Slonski and Mitch find this order especially strange. The landlord doesn’t have the PIN, and therefore can’t access the account. And if the goal is to prevent Beatty from spending the money, she could just go to the bank and get a paper check or withdraw cash.
Beatty did not follow this order either, but called Judicare, a legal services clinic in Northern Wisconsin. At this point, Slonski and another lawyer, Samuel Hutchison, took on the case but their backs were against the wall because of the timing.
Wisconsin state law exempts certain funds from being taken in a court judgement. If a person’s income is less than the federal poverty limit, wages can’t be garnished. If a person has less than $5,000 across all personal bank accounts, that money can’t be touched.
But even though Slonski and Hutchison thought O’Melia had violated this law — or at least found a back door around it — the time limit of 15 days to file an appeal had already passed.
“When she first called she was like ‘can he do this?’” Slonski says. “If you don’t have a lawyer and you don’t appeal in time on an eviction action — just 15 days — whatever the judge ordered, it’s set in stone. At that point, whether it was wrong or mistaken, whether we disagree with the order, it is unassailable and if you disobey it you’re subject to contempt. The fact she didn’t have an attorney early enough to be like, ‘Whoa, whoa whoa, this seems like an underhanded way to get around the statutory garnishment exemptions.’”
On June 1, Beatty was in court, with Hutchison this time, but it was too late. O’Melia, increasingly angry, found her in contempt again and in order to avoid jail she’d need to pay $500 to the landlord.
“Now you’ve got an angry judge,” Slonski says. “This feels really punitive because it can only serve to hurt her. The judge wasn’t hearing it. The point being she’d turn over $500 in cash in order to avoid going to jail, even though she is destitute enough that the statutory exemptions cover everything she has in her checking account, everything in her savings account and all of her income. It’s very unusual. It doesn’t usually work that way.”
Beatty and her son are now living with her mom, after O’Melia’s repeated insistence that it was an option — even though Beatty says she doesn’t have a great relationship with her mom. Her 18-year-old brother had to move out of the house to accommodate her and now Beatty and her child are packed into a house with two other kids.
The $500 fee is stayed while Slonski and Hutchison are searching for ways to appeal O’Melia’s order, but their options are limited. If she can’t pay it, she’ll be sent to jail for 60 days. She also now owes nearly $10,000 in back rent and damages.
“I’m afraid that what we’re going to find out after we’ve done all the legal analysis [is that] legally speaking she’s at a dead end and now she’s facing this really, what I think is an unfair use of the court system,” Slonski says. “Judgments go against poor people all the time, but when they can’t pay them we can’t put them in jail.
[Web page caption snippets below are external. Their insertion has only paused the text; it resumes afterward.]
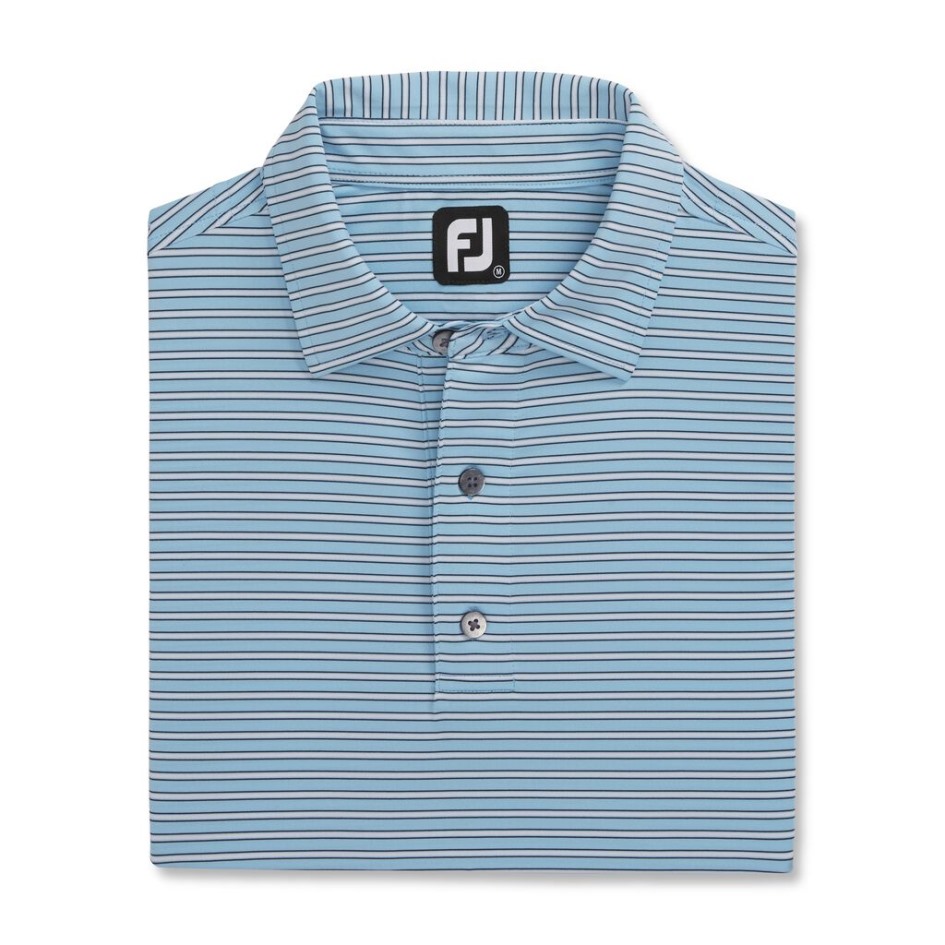 Footjoy Switzerland Hellblau-weiß-navy Stretch-Lisle-Nadelstreifen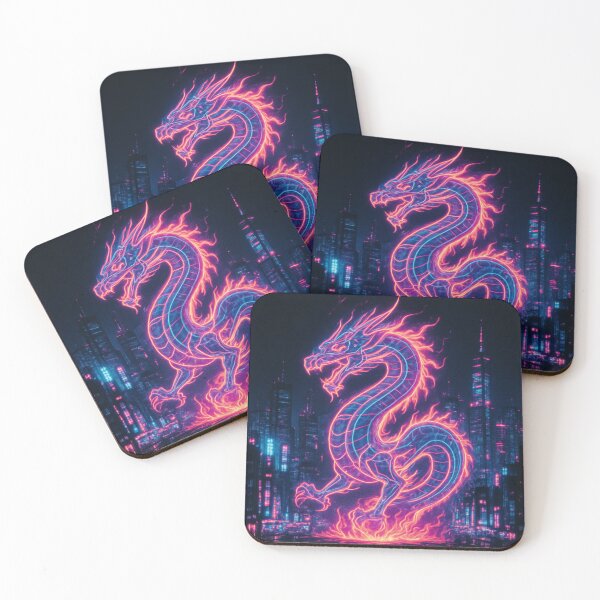 Item preview, Cyberpunk Neon Dragon | Futuristic Vaporwave City Art designed and sold by Loo Loo.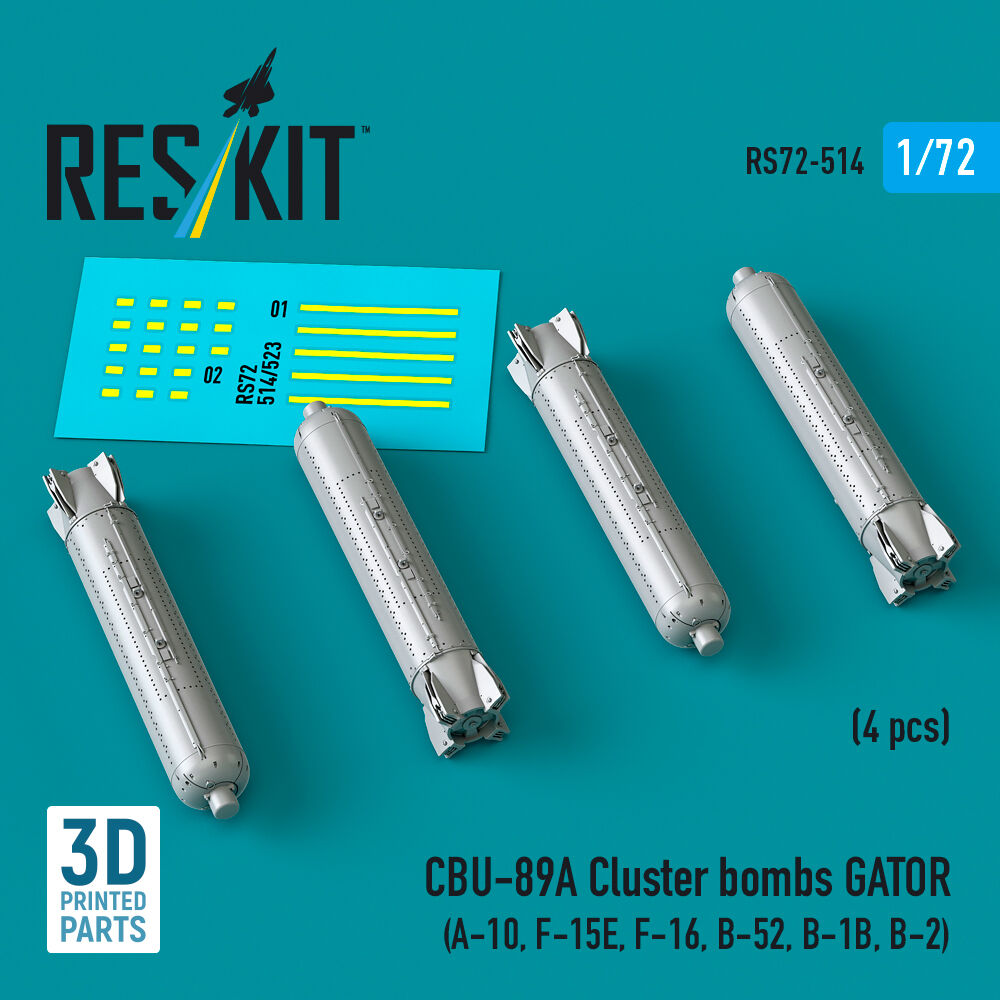 CBU-89A cluster bombs GATOR (4 pcs) (A-10, F-15E, F-16, B-52, B-1B, B-2) (3D Printed)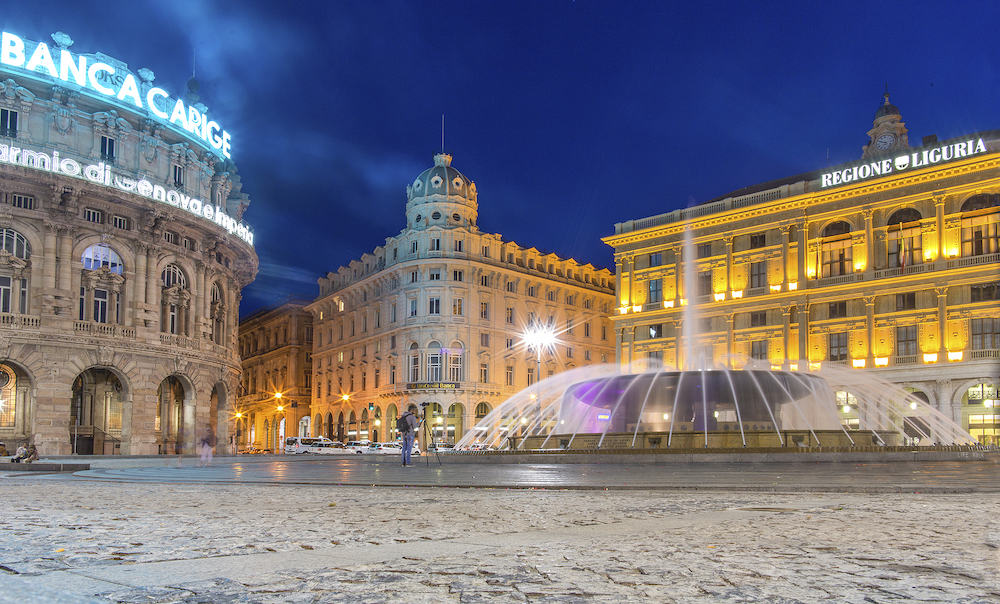 Genoa, Liguria Region, Italy, Europe - Piazza De Ferrari is the main square in Genoa. Located in the heart of the city - and in particular in the ancient soriater of Portoria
We don’t have debtors’ prisons any more. The only exception is when they fail to pay a contempt of court sanction. She really does face jail time if she can’t scratch together this money.”
The Judicare lawyers are struck by a judge bringing his political views into the courtroom — Slonski says O’Melia used Republican “talking points” about unemployment insurance and other government benefits in court. Mitch, who pointed out that debtors’ prisons don’t actually work when it comes to making people pay back what they owe, sees the same thing.
“I’m pretty surprised. It seemed like a very activist move by a judge or a judicial officer to put that type of restraint in place or attempt or proclaim they can,” he says. “It sounds like what’s happening is that the judge is so flabbergasted someone didn’t follow his orders that he’s taking a step that I’m a little bit surprised they did and I think they probably cannot do.”
A lawyer for Penkert Properties did not respond to a request for comment.